Well now..now...wait...now...wait..now just hold on one minute there son..that doesn;t make a lick of sense?!
 
Should I stay or should I go now?
Should I stay or should I go now?
If I go there will be trouble
An' if I stay it will be double
So come on and let me know
 
You are not responsible for him. Go ahead and do whatever you want. You're being taken advantage of big time.

If you're not happy sharing a hotel room with him, then stop. You don't owe him a thing.

His return flight isn't until 1/03/05? Leave him. Go live your life. Give him advice as to how to get to the airport by himself, if you're feeling guilty.

What a leech.
 
I know this is probably a "girl" thing to do, but I think you should talk to him about it. He might not realize that his actions have changed due to someone else. Also, he needs to know that he should ask you before making plans. It is not your responsiblity to pick up someone else, unless you have already agreed to do it. If he blows you off and decides to continue to act like an ass, then leave. I wouldn't leave without discussing it with him and giving him another chance though.


: ) Amanda
 
Originally posted by: DaWhim

no, this is not a parody. we are just friends that may not see again. maybe I am too nice. I could make him pay for the hotel and stuffs, since I really don't have to be here.

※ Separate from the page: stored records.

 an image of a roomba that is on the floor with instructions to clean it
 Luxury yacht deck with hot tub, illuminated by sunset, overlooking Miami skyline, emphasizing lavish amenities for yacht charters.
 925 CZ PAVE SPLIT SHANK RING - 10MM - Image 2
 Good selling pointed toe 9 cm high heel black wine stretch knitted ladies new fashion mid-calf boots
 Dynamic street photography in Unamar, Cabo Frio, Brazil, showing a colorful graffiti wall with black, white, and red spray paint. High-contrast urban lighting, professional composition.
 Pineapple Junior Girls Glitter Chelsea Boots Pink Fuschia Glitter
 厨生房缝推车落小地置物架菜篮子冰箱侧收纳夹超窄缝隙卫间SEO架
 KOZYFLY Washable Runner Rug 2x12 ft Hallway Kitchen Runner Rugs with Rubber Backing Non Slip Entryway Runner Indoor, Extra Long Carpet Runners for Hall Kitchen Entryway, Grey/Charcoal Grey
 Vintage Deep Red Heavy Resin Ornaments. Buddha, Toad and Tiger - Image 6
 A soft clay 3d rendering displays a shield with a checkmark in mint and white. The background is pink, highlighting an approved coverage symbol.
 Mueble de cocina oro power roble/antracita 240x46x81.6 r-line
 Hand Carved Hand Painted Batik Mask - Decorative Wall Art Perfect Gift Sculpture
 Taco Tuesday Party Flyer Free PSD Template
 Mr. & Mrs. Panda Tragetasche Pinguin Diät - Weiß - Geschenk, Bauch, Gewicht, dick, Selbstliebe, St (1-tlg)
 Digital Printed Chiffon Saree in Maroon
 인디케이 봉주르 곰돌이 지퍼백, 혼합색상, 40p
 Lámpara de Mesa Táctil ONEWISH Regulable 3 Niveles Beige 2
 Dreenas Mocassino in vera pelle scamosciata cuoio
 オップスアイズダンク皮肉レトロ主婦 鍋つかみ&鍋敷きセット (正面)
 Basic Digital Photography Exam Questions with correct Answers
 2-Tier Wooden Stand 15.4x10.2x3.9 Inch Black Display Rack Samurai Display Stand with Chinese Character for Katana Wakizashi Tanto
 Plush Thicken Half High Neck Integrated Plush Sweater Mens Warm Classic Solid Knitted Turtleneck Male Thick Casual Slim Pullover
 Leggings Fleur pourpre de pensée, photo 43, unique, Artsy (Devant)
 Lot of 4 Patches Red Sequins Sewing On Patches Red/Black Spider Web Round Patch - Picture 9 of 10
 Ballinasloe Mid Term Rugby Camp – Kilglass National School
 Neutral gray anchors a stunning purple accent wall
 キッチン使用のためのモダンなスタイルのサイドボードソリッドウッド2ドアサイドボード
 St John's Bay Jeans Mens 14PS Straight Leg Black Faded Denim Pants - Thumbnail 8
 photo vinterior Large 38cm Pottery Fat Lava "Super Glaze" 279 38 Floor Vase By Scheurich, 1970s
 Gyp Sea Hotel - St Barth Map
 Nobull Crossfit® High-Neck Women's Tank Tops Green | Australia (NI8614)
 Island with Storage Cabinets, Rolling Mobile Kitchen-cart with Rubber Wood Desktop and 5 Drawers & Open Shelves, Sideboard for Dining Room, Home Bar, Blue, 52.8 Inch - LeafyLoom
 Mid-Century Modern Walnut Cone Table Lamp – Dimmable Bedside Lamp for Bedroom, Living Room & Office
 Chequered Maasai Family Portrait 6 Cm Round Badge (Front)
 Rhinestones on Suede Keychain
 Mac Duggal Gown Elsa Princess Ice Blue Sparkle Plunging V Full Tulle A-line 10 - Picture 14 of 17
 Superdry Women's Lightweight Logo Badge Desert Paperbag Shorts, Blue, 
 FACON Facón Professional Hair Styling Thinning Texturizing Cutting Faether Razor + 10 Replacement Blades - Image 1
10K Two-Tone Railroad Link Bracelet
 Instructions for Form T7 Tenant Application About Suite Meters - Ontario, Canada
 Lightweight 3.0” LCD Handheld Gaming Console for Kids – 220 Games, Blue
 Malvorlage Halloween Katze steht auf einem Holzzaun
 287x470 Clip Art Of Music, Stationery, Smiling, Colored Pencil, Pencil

Sounds like you're just weak.
 
I'm with Amanda. Talk to him about it. But some people are just plain fvcking rude. If he gets all up in your face and p!ssy about it leave the f0cker. If he didn't know what he was doing and such then things should be better.

Koing
 
I would leave money for your share of the hotel and peace. What is he going to do to you?

He can rent a car or take a bus to Buffalo to catch a flight.

R
 
I do not understand, if you are from Toronto and that is where you are now, why are you staying in a hotel with him?

If you are from Buffalo, but just planned a trip to Toronto, you can either be up front about the behavior, or just learn to live with it. Snoring is bad but not really a deal breaker for just the week or so.

Treating you bad, that should really come to an end. Why don't you strand him for awhile and maybe he will appreciate you and your car more. Not for a long time, just like an attention-getting stint of no transportation.
 
Originally posted by: Kibbo
Man, if you invited him up here, with the understanding that you will help him get to his exit flight, then you have a responsibility to follow through with your word.

it was also an understanding that he would be treated as a friend and not just some driver.

i sa get up and get the F out. leave him your share of the hotel money and a note.
 
confront him in a civil manner about being a dick. at least give him the benefit of the doubt. that may just be his way, and hes not trying to be offensive. kind of hard to conver your true personality over the internet.

if hes still a dick about it, leave his ass. no reason to put up with that.

altho the snoring should be a non-issue. hes asleep, whats he supposed to do about that?